The ECBA is an associate partner in this project.

Click here for the report of the 'kick-off' meeting,  which took place on 19 and 20 October 2016 in Brussels.

The Directive has been adopted and published on 21 May 2016.

It sets out specific minimum rules concerning the rights of suspected or accused children in criminal proceedings to ensure that they are able to understand and follow criminal proceedings, including having access to a lawyer at all stages. It provides that children cannot waive their right to be assisted by a lawyer in key moments of the proceedings, as there is a high risk that they would not understand the consequence of their actions (Article 6).
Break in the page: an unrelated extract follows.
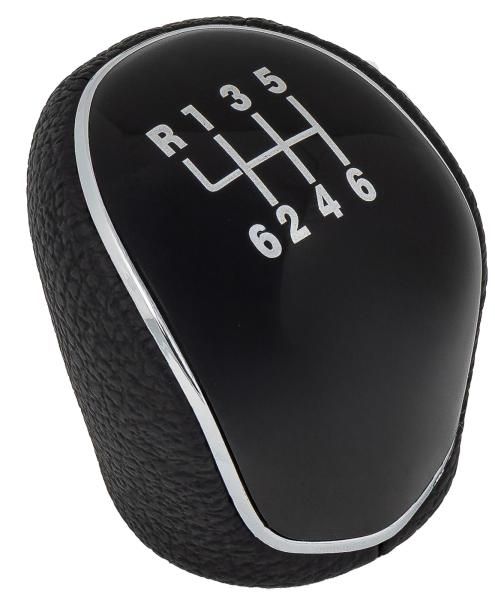 Cora 6-Gang-Schaltknauf für FORD C-Max I, Focus 07>14, Galaxy 06>15, Kuga 12>19, Mondeo 07>22, S-Max 06>15, Transit 14>18, Custom 12>18, Connect 13>22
ECBA reply on the proposal for a Directive of the European Parliament and of the Council on procedural safeguards for children suspected or accused in criminal proceedings, 6 May 2014

Please click here for our response to the European Commission’s proposal for a Directive of the European Parliament and of the Council on procedural safeguards for children suspected or accused in criminal proceedings, which is the result of intensive and careful consideration of the European Criminal Bar Association (ECBA) working group on Measure E, composed of 14 practitioners in criminal law from 10 countries all over Europe.

Click here for a new ECBA Statement which contains the ECBA’s main recommendations to the Commission on Measure E of the Stockholm programme for the appropriate rights and treatment of vulnerable Suspects.

It was sent to Mrs Reding, Vice-president and Commissioner responsible for justice, fundamental rights and citizenship and to Oliver Tell, Director Unit B.1, Directorate General Justice on 15 May 2013.

In the work on the Stockholm Programme and EU ROADMAP for Procedural Safeguards in Criminal Proceedings we will soon come to - Measure E – Special Safeguards for Suspected or Accused persons who are Vulnerable.

In order to meet the work for EU on this subject ECBA has formed a working group: Measure E – Vulnerable Suspects.

The idea is to draft the ECBA Cornerstones of special safeguards for suspected or accused persons who are vulnerable. This would support the political EU decision-makers at EC, EP and the Council of MS to come to appropriate conclusions on how to protect vulnerable suspects in addition to the general rights and safeguards in criminal proceeding.

This ECBA group is chaired jointly by Robin Grey Q.C., UK,  and Bertil Dahl, Sweden, and  consists of 11 practitioners. The group has had its first meeting in London on the 16th of March and plan to present a draft statement to the ECBA Board in the meeting in Istanbul on the 26/27 April 2013.

The definition of Vulnerable Suspects or Accused Persons is central in this work and should be looked upon together with the other measures  A-D and F in order to be included in the Stockholm Programme Safeguards.

Vulnerable persons could be;

  • Children under 18;
  • Drunk people;
  • People under influence of drugs or other addictives;
  • People suffering from mental or physical disabilities;
  • People with mental disorder – in this group we can for example find suspects who are serial confessers of serious crimes who sometimes mislead the legal system.

The work on strengthening the weaker part, such as vulnerable suspects, is in the interest of the legal system itself. It is quite clear that modern criminal proceedings should be based on Equality of Arms. Thus in order to help the weaker part several steps have to be taken.

A modern balanced procedure in criminal matters demand equality of arms in the examination of evidence, etc. To get a fair trial it is obvious that the suspect must be helped, so as not to be at a procedural disadvantage with the prosecutor.